Do you notice something here?

The stories are personal. But they also help to establish an emotional connection and authority. Don’t talk about when you started your business, bought your office, or graduated college. Don’t even talk about your family or your kids.


However, if you can tell a harrowing, emotional, or inspiring story that explains why you do what you do, and why you’re the best person to work with, tell that story instead!

Please, stop it with the cheesy stock photos

Have you ever used stock photos of overly smiley faces? Maybe they have a headset?

Please stop it.

This is the most impersonal thing you can do, and NOBODY is buying it.

If you have a small business, you’re better off having photos of your ACTUAL employees and the work environment. Even if they aren’t high quality, adding personal photos are going to have a higher impact.

This is especially true for bloggers.

If you’re a food blogger, take pictures of your food! If you’re a fashion blogger, take pictures in your curated outfits. I know this might sound insanely obvious, but because you can get a stock photo for almost anything under the sun, it’s so easy to use them as a substitute for your own photos.

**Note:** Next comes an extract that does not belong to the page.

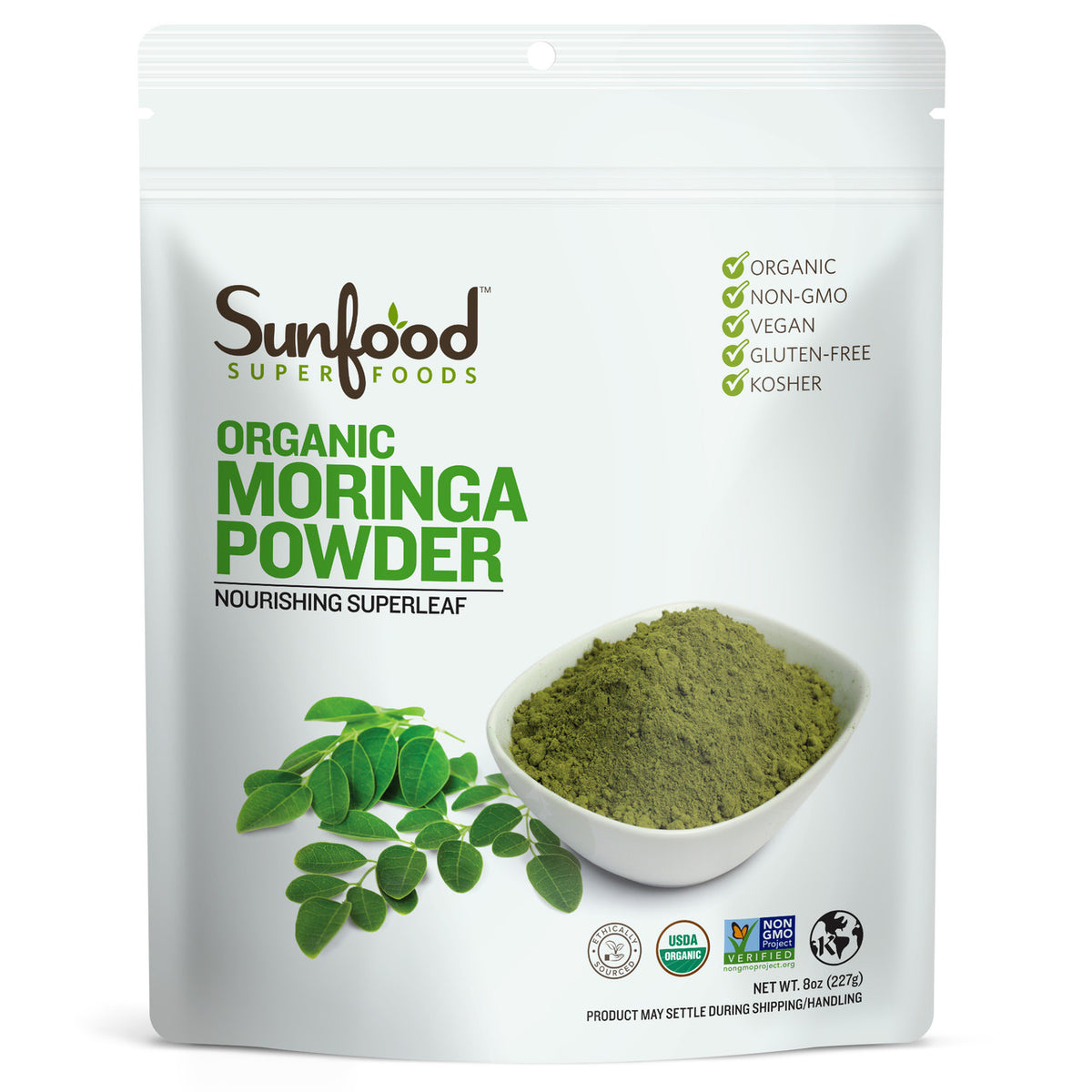 Moringa Powder, Organic, 8oz - Front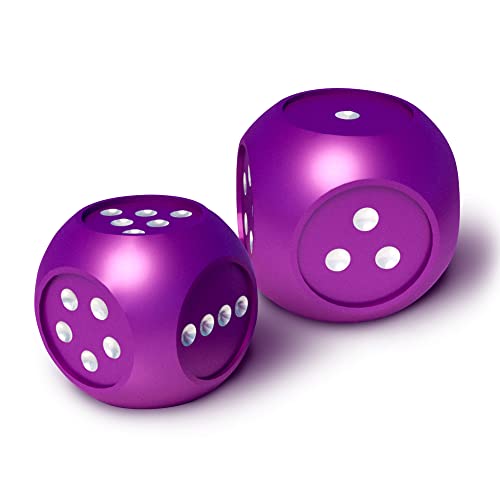 AKO DICE II - Custom Metal dice Version 2 by AKO Dice. 16mm D6 Game dice with Extra Rounded Corner for a Better roll. Brand: AKO DICE (Purple)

Use your best judgement on this one. Think about the impact you want to make and how it relates to your brand. In many cases a stock photo will be appropriate, but if you overdue it your website will miss the personal touch that’s needed to establish a relationship with your visitors.

Well, does your website suck?

hopefully these tips help you to improve the quality of your site. Trust me, your visitors will be much happier about it.